La route SEQ perd son statut dérogatoire. La signature électronique qualifiée (SEQ) au sens de ZertES, admise depuis la révision réglementaire de 2022 également sous forme de signature à distance (art. 7 al. 1 ZertES-V), bénéficiait jusqu’ici d’une exception : aucun justificatif secondaire, aucune confirmation de domicile distincte. L’avant-projet la classe comme opération sans présence physique et exige le même justificatif de domicile au sens de l’art. 45 al. 2 GwV-FINMA que tout autre parcours en ligne. L’art. 3 al. 2 GwV-FINMA laisse à la FINMA une marge d’appréciation pour des dérogations fondées sur la technologie — point d’appui pour une prise de position sur la proportionnalité, à condition que les pratiques internes permettent d’identifier une question concrète. Les établissements ayant utilisé cette exception pour des parcours d’onboarding entièrement numériques devront intégrer une étape de vérification du domicile avant la publication de la circulaire définitive.
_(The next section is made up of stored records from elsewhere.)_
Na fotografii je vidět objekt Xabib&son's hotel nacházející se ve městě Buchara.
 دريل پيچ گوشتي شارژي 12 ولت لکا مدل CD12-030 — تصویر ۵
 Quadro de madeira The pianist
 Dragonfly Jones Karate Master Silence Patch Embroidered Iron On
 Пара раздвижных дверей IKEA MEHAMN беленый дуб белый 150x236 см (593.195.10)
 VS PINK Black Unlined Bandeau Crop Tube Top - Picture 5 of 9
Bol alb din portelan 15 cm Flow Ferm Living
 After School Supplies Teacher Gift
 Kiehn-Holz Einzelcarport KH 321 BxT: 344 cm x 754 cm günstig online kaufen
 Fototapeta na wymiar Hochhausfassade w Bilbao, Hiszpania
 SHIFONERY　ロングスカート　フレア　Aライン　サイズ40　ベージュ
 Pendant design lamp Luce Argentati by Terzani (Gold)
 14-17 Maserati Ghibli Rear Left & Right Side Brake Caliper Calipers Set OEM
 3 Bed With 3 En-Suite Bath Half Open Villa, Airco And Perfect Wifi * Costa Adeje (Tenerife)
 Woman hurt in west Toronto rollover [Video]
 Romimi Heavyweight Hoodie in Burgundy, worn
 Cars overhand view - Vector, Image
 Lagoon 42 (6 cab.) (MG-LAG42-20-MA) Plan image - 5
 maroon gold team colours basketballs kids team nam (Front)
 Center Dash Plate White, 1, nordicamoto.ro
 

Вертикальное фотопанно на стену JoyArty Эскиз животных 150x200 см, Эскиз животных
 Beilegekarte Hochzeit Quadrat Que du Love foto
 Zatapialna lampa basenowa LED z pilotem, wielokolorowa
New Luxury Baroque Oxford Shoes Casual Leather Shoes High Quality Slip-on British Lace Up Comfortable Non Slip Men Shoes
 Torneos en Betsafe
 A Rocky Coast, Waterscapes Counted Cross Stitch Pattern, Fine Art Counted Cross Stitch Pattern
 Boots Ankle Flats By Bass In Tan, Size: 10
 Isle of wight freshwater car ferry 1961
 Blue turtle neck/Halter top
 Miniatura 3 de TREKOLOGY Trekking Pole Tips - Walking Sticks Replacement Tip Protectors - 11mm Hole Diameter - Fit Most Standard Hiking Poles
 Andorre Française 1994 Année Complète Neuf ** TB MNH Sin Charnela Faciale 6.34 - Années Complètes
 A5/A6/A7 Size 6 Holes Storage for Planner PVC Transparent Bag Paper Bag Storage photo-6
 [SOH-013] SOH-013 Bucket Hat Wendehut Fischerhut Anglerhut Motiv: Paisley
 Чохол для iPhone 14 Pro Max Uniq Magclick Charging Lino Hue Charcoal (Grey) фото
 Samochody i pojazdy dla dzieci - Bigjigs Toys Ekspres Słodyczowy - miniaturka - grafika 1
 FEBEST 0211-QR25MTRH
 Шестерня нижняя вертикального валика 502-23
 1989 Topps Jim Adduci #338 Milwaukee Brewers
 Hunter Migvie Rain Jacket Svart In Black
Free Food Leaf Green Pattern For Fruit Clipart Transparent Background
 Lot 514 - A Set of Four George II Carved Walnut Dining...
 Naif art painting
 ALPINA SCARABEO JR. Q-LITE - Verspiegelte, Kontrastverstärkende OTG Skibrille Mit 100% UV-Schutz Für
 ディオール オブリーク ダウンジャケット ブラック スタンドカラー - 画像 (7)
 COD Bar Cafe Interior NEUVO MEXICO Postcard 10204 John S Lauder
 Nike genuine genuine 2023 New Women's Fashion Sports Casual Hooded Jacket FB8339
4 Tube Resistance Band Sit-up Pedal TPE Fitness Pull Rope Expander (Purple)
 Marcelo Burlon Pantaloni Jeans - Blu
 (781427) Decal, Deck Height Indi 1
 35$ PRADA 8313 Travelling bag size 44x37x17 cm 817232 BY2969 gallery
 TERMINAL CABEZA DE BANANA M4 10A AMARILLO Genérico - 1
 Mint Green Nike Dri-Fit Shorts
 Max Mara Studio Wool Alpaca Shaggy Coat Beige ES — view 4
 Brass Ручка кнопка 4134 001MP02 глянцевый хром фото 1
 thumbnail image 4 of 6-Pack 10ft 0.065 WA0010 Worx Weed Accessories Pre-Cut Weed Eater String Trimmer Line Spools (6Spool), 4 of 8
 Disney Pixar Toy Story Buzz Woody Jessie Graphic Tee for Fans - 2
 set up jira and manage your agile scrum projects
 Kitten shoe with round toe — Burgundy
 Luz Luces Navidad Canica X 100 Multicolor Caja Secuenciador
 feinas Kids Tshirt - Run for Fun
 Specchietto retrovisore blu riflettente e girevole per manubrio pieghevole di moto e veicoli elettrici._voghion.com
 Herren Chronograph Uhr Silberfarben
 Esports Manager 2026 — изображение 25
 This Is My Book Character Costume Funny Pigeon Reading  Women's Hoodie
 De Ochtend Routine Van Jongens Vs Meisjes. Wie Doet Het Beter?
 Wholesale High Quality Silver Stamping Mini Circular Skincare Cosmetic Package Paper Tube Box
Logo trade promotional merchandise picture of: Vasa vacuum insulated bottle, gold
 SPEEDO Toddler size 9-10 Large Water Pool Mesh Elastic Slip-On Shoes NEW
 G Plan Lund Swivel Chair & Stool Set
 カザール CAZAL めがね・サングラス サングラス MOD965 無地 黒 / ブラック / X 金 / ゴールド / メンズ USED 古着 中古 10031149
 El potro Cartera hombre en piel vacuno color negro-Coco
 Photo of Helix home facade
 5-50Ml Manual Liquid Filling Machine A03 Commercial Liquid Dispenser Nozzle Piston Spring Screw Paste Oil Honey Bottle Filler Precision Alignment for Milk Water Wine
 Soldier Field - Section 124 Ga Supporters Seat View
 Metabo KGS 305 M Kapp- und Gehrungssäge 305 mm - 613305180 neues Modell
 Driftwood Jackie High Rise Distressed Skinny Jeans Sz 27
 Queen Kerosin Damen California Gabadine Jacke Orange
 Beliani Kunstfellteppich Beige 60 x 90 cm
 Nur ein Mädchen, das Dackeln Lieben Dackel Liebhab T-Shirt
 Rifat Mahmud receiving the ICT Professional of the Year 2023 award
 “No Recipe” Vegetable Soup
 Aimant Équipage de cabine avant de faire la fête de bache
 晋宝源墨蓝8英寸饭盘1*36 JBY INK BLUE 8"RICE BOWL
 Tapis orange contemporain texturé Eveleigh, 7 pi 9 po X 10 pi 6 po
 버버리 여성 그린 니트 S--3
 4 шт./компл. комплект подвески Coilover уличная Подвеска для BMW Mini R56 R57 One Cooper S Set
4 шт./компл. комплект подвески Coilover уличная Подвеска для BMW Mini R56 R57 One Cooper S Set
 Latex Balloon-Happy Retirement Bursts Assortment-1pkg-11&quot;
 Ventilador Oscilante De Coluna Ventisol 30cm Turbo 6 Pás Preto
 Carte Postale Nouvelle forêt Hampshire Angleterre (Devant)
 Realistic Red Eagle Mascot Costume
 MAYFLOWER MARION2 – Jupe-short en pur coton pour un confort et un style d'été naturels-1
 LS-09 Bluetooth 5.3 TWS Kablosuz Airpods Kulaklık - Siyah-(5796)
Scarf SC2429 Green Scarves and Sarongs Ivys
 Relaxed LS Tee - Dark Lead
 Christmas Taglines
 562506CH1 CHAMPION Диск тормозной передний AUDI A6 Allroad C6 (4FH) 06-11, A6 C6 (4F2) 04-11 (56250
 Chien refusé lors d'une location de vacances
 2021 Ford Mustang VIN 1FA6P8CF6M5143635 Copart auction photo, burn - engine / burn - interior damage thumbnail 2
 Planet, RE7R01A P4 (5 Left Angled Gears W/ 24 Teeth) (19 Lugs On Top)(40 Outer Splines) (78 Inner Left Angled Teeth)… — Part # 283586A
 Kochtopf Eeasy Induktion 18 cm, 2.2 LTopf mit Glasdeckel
Le virement bancaire comme justificatif secondaire reste admis, désormais aussi dans la direction inverse avec envoi d’un code sur le compte du client. La contrepartie doit être un intermédiaire financier réglementé soumis à une surveillance comparable à celle de la Suisse. PayPal, les émetteurs de cartes et autres prestataires de services de paiement non bancaires sont exclus. Les établissements utilisant un tel virement pour la vérification d’identité au sens de l’art. 45 GwV-FINMA devront revoir ce parcours.
L’e-ID au sens du BGEID devient un document d’identification valable. La FINMA l’admet comme alternative à part entière aux documents d’identité physiques, sous réserve de la vérification de la validité du document et de l’attribution des attributs au titulaire. La vérification du domicile reste distincte : l’attribut BGEID ne la couvre pas.
La circulaire révisée s’applique exclusivement aux intermédiaires financiers soumis à la surveillance de la FINMA ; les casinos et titulaires d’autorisation au sens de la loi sur les jeux d’argent, ainsi que certains acteurs relevant de la loi sur le contrôle du commerce des métaux précieux, en sont exclus.
D’ici au 27 février, deux parcours méritent un examen interne : l’onboarding via SEQ reposant encore sur l’ancien régime dérogatoire, et les justificatifs secondaires passant par des prestataires de services de paiement non bancaires. Pour les établissements utilisant la SEQ de manière intensive, une prise de position est pertinente si les pratiques internes permettent d’identifier une question concrète de proportionnalité relative à la marge d’appréciation de l’art. 3 al. 2 GwV-FINMA. Quant à la méthode de justificatif de domicile à retenir, c’est l’architecture compliance de chaque établissement qui tranchera sur la base de la circulaire définitive.
La question ouverte concerne la dimension transfrontalière : comment la FINMA interprétera-t-elle la notion de «surveillance comparable» pour les banques de pays tiers ? La réponse suivra avec la publication de la circulaire définitive, après dépouillement des contributions à la consultation.